The phrase “at least one,” in reference to a list of one or more entities, should be understood to mean at least one entity selected from any one or more of the entities in the list of entities, but not necessarily including at least one of each and every entity specifically listed within the list of entities, and not excluding any combinations of entities in the list of entities. This definition also allows that entities may optionally be present other than the entities specifically identified within the list of entities to which the phrase “at least one” refers, whether related or unrelated to those entities specifically identified. Thus, as a non-limiting example, “at least one of A and B” (or, equivalently, “at least one of A or B,” or, equivalently, “at least one of A and/or B”) may refer, in one embodiment, to at least one, optionally including more than one, A, with no B present (and optionally including entities other than B); in another embodiment, to at least one, optionally including more than one, B, with no A present (and optionally including entities other than A); in yet another embodiment, to at least one, optionally including more than one, A, and at least one, optionally including more than one, B (and optionally including other entities). In other words, the phrases “at least one,” “one or more,” and “and/or” are open-ended expressions that are both conjunctive and disjunctive in operation. For example, each of the expressions “at least one of A, B, and C,” “at least one of A, B, or C,” “one or more of A, B, and C,” “one or more of A, B, or C,” and “A, B, and/or C” may mean A alone, B alone, C alone, A and B together, A and C together, B and C together, A, B, and C together, and optionally any of the above in combination with at least one other entity.

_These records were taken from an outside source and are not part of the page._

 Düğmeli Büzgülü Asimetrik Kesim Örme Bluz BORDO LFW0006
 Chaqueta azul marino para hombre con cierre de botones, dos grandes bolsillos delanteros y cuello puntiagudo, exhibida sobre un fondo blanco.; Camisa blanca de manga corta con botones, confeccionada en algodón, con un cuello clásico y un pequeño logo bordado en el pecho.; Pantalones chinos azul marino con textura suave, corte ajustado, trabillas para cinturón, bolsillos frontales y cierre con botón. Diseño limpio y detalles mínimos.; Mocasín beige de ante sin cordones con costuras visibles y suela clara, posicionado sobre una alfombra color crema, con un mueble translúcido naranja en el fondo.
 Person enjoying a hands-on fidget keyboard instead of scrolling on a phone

As used herein, the phrase “based on” does not mean “based only on,” unless expressly specified otherwise. In other words, the phrase “based on” means “based only on,” “based at least on,” and/or “based at least in part on.

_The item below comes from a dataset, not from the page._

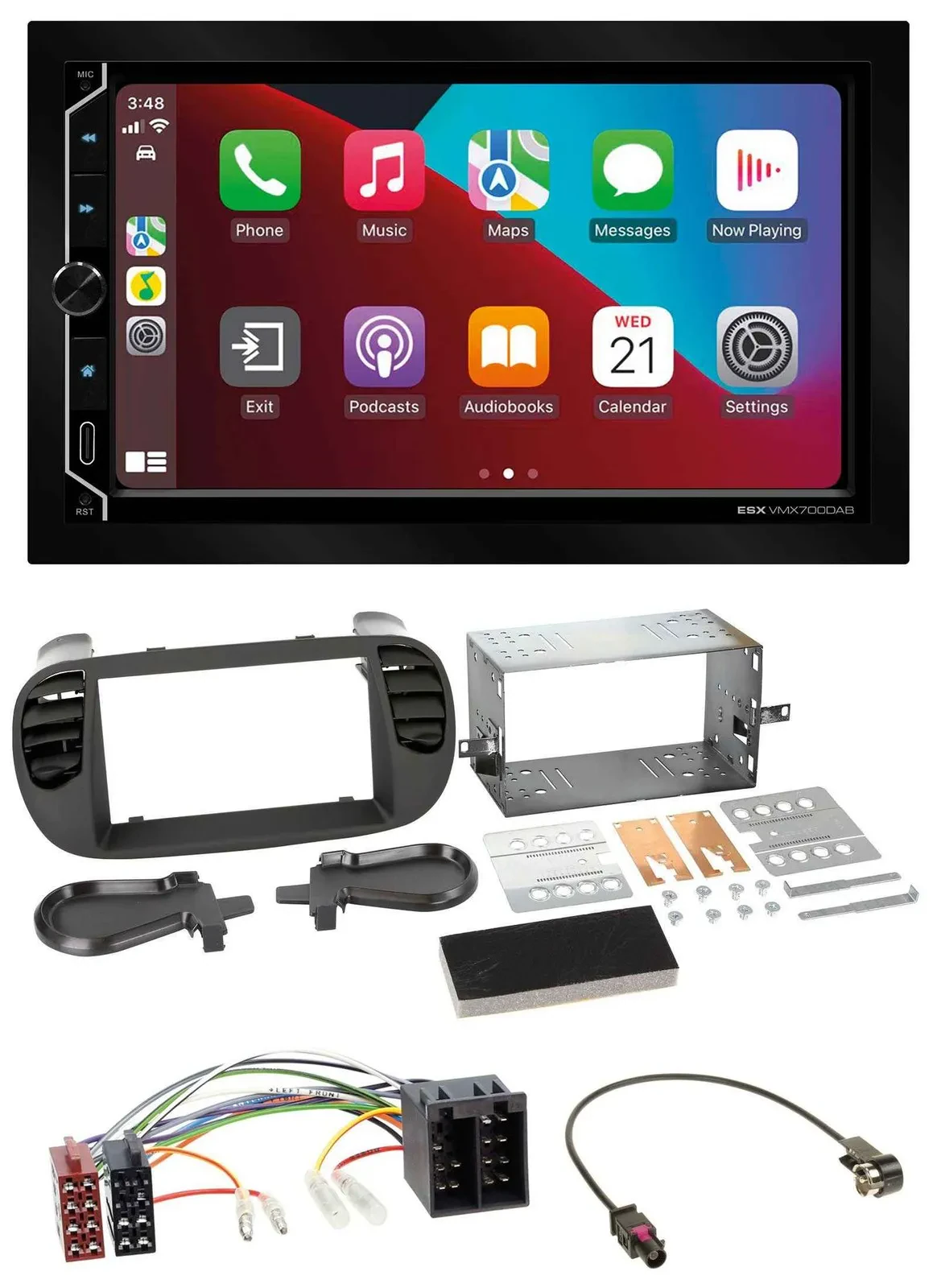 ESX 2DIN DAB USB MP3 Bluetooth Autoradio für Fiat 500 ISO ab 12 soft touch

As used herein, the term “configured” means that a given element, component, or other subject matter is designed and/or intended to perform a given function. Thus, the use of the term “configured” should not be construed to mean that the given element, component, or other subject matter is simply “capable of” performing a given function, but that the element, component, or other subject matter is specifically selected, created, implemented, utilized, and/or designed for the purpose of performing the function.
As used herein, the terms “example,” exemplary,” and “embodiment,” when used with reference to one or more components, features, structures, or methods according to the present techniques, are intended to convey that the described component, feature, structure, or method is an illustrative, non-exclusive example of components, features, structures, or methods according to the present techniques. Thus, the described component, feature, structure, or method is not intended to be limiting, required, or exclusive/exhaustive; and other components, features, structures, or methods, including structurally and/or functionally similar and/or equivalent components, features, structures, or methods, are also within the scope of the present techniques.
As used herein, the term “fluid” refers to gases and liquids, as well as to combinations of gases and liquids, combinations of gases and solids, combinations of liquids and solids, and combinations of gases, liquids, and solids.
The term “gas” is used interchangeably with “vapor,” and is defined as a substance or mixture of substances in the gaseous state as distinguished from the liquid or solid state. Likewise, the term “liquid” means a substance or mixture of substances in the liquid state as distinguished from the gas or solid state.
A “gas lift system” is a type of artificial lift system used to remove completion fluids from a well or increase the performance of the well. The gas lift system generally includes a valve system for controlling the injection of compressed, or pressurized, gas from a source external to the well, such as a compressor, into the borehole. The increased pressure from the injected gas forces accumulated formation fluid up the tubing to remove the fluids as production flow or to clear the fluids and restore the free flow of gas from the formation into the well.
A “gas lift valve” is a valve used in a gas lift system to control the flow of lift gas into the production tubing conduit. Operation of the gas lift valve may be determined by preset opening and closing pressures in the tubing or annulus, depending on the specific application. A reverse-flow check valve may or may not be integral to the gas lift valve.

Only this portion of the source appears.